Introduction

High horseshoe anal fistula (HHAF) is a refractory anorectal disease. The reported incidence of all anal fistula is approximately 8.6 per 100,000 people, and HHAF accounts for approximately 2–5% of all anal fistulas1,2. The primary internal opening of the HHAF is often located at the posterior midline line (66.4%), which often involves the deep intersphincteric space (DPIS, 75%) and the deep postanal space (DPAS, 25%), leading to a high rate of postoperative recurrence and anal incontinence3. Fistulotomy, cutting seton, and modified Hanley procedure have long been used to treat HHAF4. Although these procedures have high cure rates, they could also cause damage to the anal sphincter, leading to the increased risk of fecal incontinence5,6.
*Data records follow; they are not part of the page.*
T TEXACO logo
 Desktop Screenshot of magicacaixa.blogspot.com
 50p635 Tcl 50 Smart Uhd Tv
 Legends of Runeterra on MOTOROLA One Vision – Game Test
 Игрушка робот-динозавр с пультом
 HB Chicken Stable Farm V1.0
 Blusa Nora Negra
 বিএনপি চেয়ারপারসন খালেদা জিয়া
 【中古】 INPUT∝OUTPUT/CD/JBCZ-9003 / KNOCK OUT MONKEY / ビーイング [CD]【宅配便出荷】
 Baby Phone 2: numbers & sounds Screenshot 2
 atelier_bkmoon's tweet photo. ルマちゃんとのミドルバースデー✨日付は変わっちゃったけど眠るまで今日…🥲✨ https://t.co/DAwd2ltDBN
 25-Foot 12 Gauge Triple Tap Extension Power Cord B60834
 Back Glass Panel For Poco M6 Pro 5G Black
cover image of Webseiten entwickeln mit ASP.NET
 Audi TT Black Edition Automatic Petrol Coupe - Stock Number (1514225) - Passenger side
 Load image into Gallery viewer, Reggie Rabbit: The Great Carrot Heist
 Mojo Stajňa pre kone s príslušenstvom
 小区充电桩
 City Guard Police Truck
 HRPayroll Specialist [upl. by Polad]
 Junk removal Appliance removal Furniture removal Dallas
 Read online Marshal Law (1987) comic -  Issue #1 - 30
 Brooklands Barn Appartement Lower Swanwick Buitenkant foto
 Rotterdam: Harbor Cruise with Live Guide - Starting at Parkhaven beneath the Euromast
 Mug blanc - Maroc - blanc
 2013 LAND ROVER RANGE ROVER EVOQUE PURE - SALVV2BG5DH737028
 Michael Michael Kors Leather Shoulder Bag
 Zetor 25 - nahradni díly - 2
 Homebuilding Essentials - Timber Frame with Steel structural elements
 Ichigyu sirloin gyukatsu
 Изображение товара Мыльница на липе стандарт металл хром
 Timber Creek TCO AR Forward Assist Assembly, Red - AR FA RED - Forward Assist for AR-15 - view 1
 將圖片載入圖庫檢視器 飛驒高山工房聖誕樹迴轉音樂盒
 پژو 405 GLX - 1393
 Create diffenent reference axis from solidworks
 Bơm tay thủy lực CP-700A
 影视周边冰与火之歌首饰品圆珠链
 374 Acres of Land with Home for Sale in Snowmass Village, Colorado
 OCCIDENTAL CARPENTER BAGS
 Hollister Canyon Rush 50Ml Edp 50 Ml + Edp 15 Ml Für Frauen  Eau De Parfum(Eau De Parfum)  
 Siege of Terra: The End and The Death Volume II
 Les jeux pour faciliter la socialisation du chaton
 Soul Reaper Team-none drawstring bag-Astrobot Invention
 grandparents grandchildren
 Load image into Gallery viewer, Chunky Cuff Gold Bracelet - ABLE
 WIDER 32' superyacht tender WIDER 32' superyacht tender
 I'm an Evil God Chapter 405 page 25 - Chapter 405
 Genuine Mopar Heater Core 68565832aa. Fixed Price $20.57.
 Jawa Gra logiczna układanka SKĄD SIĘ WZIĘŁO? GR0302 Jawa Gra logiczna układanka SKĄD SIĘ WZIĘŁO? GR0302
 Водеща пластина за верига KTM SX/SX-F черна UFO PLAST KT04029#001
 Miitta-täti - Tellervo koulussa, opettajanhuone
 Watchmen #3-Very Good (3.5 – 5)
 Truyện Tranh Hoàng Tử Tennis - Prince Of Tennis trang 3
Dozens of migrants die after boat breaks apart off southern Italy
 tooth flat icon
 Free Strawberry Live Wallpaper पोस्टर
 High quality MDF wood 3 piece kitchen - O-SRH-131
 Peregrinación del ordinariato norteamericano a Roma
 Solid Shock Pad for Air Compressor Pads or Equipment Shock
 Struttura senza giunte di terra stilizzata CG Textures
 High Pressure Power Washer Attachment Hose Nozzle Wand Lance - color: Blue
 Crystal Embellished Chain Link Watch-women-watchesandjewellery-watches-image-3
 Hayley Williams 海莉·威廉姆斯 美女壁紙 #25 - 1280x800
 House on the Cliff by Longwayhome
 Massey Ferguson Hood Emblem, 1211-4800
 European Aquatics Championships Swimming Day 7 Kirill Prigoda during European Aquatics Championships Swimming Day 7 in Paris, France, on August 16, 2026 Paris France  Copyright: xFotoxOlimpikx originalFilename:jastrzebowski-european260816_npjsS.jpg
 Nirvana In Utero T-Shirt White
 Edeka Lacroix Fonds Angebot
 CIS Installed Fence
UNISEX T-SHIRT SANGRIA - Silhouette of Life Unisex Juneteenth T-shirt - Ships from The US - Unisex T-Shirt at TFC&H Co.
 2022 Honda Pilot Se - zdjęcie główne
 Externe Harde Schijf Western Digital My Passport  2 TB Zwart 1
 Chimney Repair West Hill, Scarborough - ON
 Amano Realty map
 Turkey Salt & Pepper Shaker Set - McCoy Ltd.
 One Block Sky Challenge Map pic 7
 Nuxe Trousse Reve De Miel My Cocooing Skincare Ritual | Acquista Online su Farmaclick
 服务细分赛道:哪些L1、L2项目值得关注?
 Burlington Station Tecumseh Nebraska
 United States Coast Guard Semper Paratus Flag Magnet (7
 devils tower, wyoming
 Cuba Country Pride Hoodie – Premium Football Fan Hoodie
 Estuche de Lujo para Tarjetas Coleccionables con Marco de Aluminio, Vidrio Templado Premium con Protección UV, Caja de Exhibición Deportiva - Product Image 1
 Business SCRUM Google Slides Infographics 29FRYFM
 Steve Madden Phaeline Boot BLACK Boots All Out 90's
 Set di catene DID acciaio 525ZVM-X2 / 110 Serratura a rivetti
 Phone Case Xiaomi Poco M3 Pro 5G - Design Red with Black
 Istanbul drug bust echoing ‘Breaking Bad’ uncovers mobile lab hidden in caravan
In recent years, new procedures, including the anal fistula plug, fibrin glue injection, ligation of the intersphincteric fistula tract (LIFT), endorectal advancement flap (ERAF), video-assisted anal fistula treatment (VAAFT), laser ablation of the fistula tract (LAFT) and fistula laser closure (FiLaC®) technique, have been shown to be relatively safe but have low cure rates for HHAF7,8,9,10,11,12,13. Nevertheless, there have been few clinical reports on the treatment of HHAF. As a result, developing an effective and mature surgical technique for the treatment of HHAF remains a significant challenge. Herein, we reported a novel surgical procedure, the bared external anal sphincter (BEAS) technique, to treat HHAF with the goal of closing the internal opening of the anal fistula, preserving sphincter function, and reducing the original wound size. We designed this study to retrospectively analyze prospective data to assess the efficacy and safety of BEAS.

Methods and analysis

Study design and population

The study was a retrospective analysis of prospectively collected data from a cohort from the tertiary referral center (Shuguang Hospital). Consecutive adult patients diagnosed with HHAF undergoing BEAS technique between June 2020 and January 2021 were included. Ethical approval was obtained from the ethics committee of Shuguang Hospital Affiliated with Shanghai University of Traditional Chinese Medicine (Approval No. 2020-823-30-01). Written informed consent was obtained from each participant. All methods were carried out in accordance with relevant guidelines and regulations.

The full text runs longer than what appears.